The London airport will officially lose its global crown when full-year numbers are released later this year. In the most recent quarterly figures — for January to March — Dubai beat Heathrow, for years the busiest international airport, for the first time. It handled 18.4m international passengers, against Heathrow’s 14.9m.
Griffiths played a crucial role in making Dubai, the hub of the world.
“On my first day, I went to see my boss, Sheikh Ahmed bin Saeed Al Maktoum, and he told me not to do anything to constrain the growth of the aviation sector.”
In spite of the recession, he expanded Dubai International, the city state’s main airport, adding the new £3bn Terminal 3 for Emirates, the Dubai carrier. He has opened a second £30bn Dubai airport, modestly named World Central. When it is completed it will be a 140sqkm aerotropolis with five runways capable of handling more than 160m passengers a year – the world’s largest.
Aviation is the key to Dubai’s success. Before anyone had heard of Dubai or its airport, there was Emirates. It has grown so fast it is now the world’s largest long-haul airline, flying more than 180m passenger kilometres a year, compared with 140m for its nearest rivals, United and Lufthansa. Aviation, travel and tourism now account for a whopping 28% of GDP.
Dubai’s aviation sector works because the city state is at the crossroads of global air travel.

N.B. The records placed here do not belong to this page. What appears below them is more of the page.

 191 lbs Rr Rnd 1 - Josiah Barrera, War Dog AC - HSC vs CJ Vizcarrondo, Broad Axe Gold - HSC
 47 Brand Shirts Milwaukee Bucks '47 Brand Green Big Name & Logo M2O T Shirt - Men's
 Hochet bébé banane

“One-third of the world’s population lives within four hours’ flying time and two-thirds within eight hours, including all the new middle-class people in emerging economies,” Griffiths told the Times. “We can link Asia to Africa and Latin America, Europe to Asia and Australia, and the Middle East to the whole world. Of those who fly to Dubai, 60% are transit passengers. That’s why Emirates can sustain 20 flights a day from Britain alone to Dubai while BA has just two.”
Airports are easy and cheap to build in Dubai because there is lots of space in the desert, government regulation is light, there is little bureaucracy and a ready army of cheap sun-dried labourers from India and Pakistan to do the heavy lifting.

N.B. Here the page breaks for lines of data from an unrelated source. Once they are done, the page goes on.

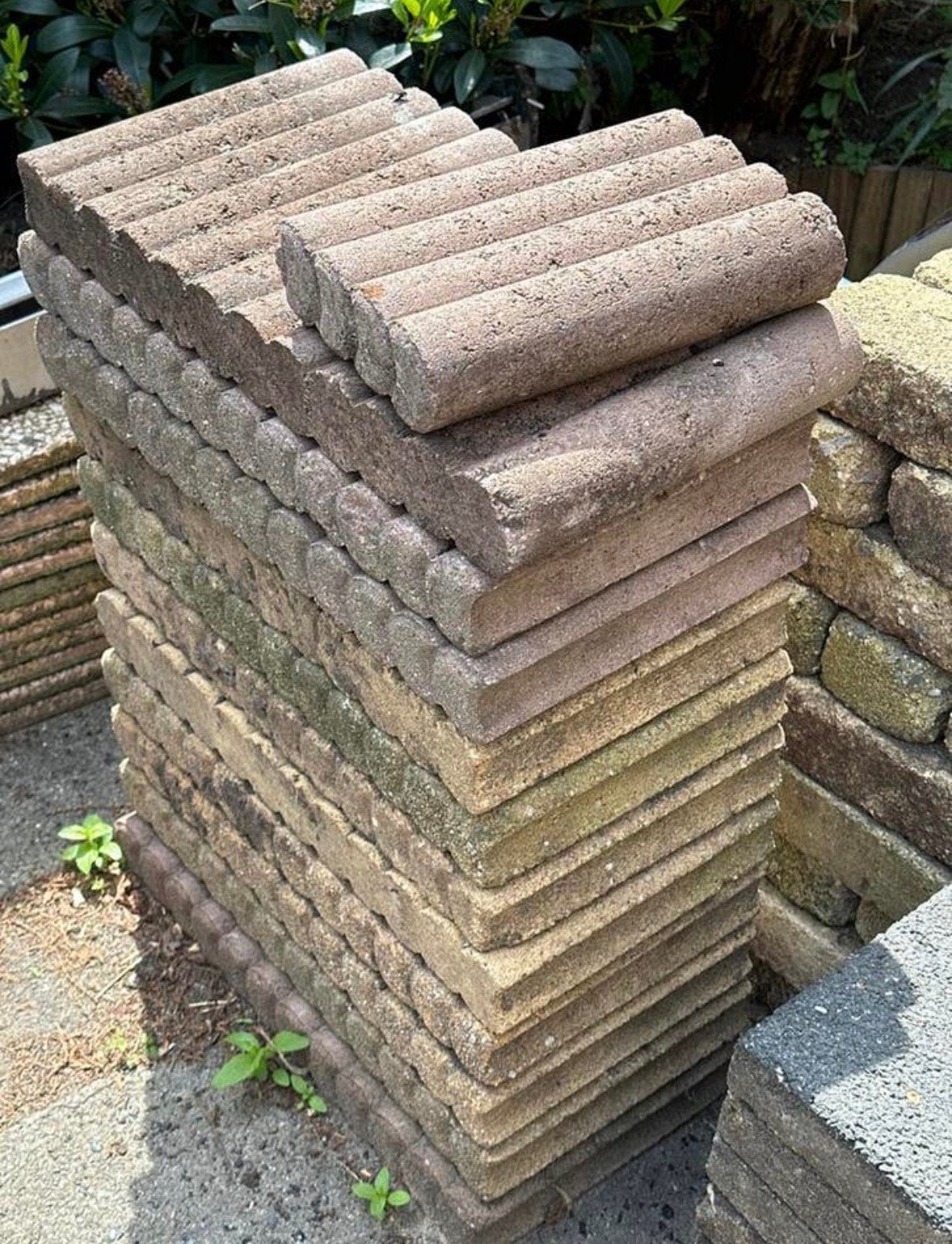 Betonbandjes 26x51x6 cm, Tuin en Terras, Ophalen, Gebruikt, Overige typen, Minder dan 5 m²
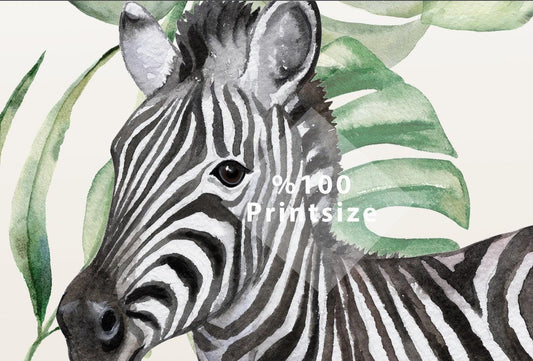 Wildlife Animals Kids Wallpaper, Elephant Giraffe Zebra Wallpaper for Kidsroom, Safari Child Wallpaper, Tropical Jungle Wallpaper Nursery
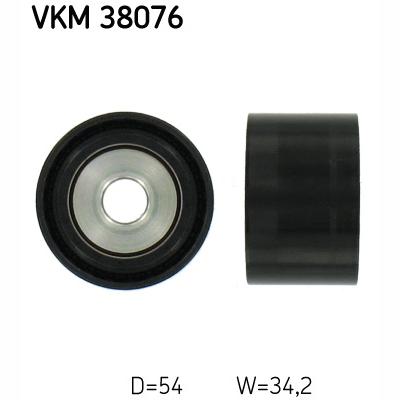 SKF VKM38076 V-Ribbed Belt Deflection/Guide Pulley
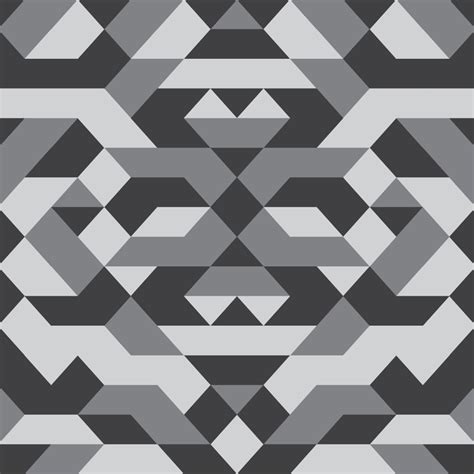 Geometric Grayscale Pattern Photoshop Vectors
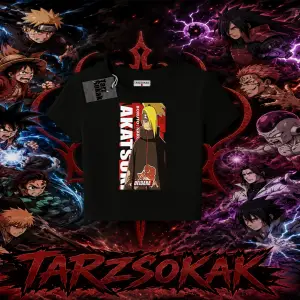 Deidara Naruto Anime Karakteri Kadın Baby Tee Beyaz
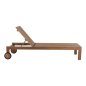 Preview: SONNENLIEGE LAGERTHA, TEAKHOLZ IN NATURFARBE, 200 x 65 x 102 Hcm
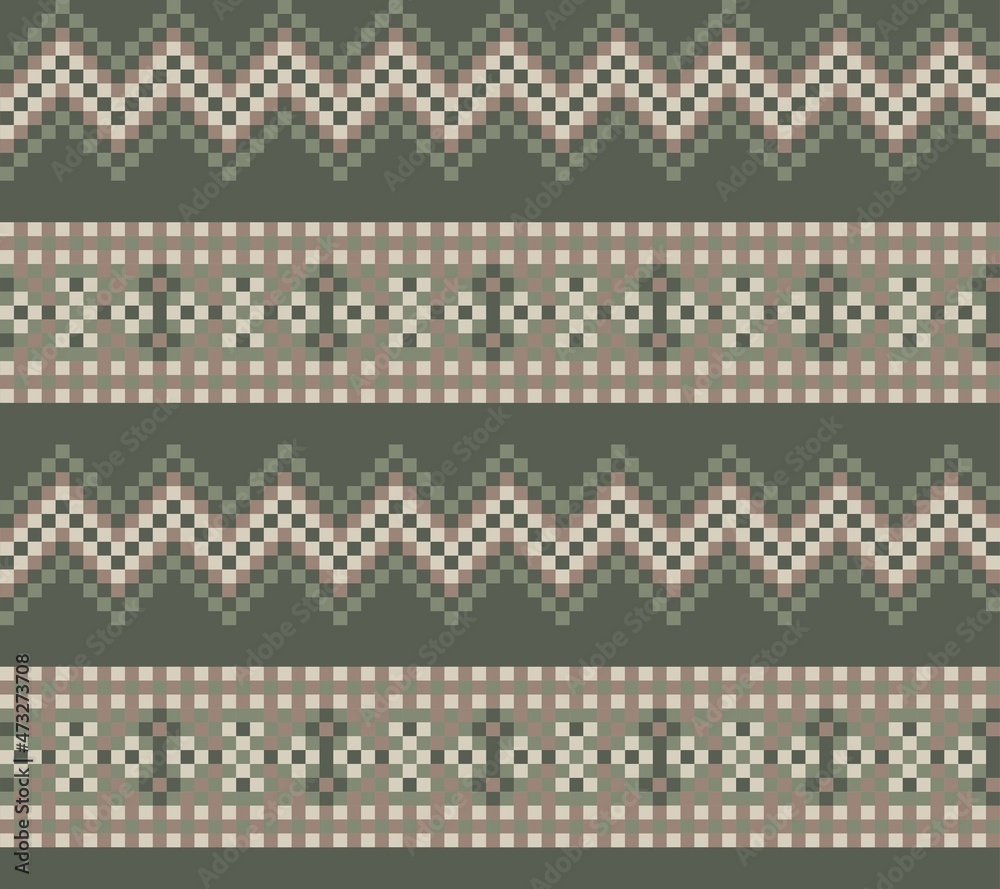 Christmas Fair Isle Seamless Pattern Background Christmas Fair Isle Seamless Pattern Background
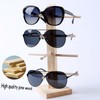 CTForest Glasses Stand, Sunglasses Stand, Wooden Glasses Holder, Suitable for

“You can work fast,” Griffiths says. “We built Terminal 3 in one-third of the time it took Heathrow to build T5, and T3 is twice the size.”
Dubai Airports is also developing Dubai World Central (DWC), 35 km south of central Dubai, as part of a 148 sq km “Aerotropolis”. Construction was completed in June 2010 with 17 cargo operators. It eventually plans on becoming the world’s largest airport with five runways, capable of handling 160 million passengers and 12 million tonnes of freight per annum.